*** Material provided Section Begins ***

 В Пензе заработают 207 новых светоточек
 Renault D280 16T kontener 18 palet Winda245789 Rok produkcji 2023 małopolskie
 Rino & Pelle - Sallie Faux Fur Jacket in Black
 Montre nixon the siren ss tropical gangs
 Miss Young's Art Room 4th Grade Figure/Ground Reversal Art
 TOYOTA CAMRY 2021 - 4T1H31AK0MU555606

*** Material provided Section Ends ***

_To do:_ Output only the lines from the one that contains "Rino & Pelle" through the last line of the data above, each restated exactly.

_Exercise response:_
 Rino & Pelle - Sallie Faux Fur Jacket in Black
 Montre nixon the siren ss tropical gangs
 Miss Young's Art Room 4th Grade Figure/Ground Reversal Art
 TOYOTA CAMRY 2021 - 4T1H31AK0MU555606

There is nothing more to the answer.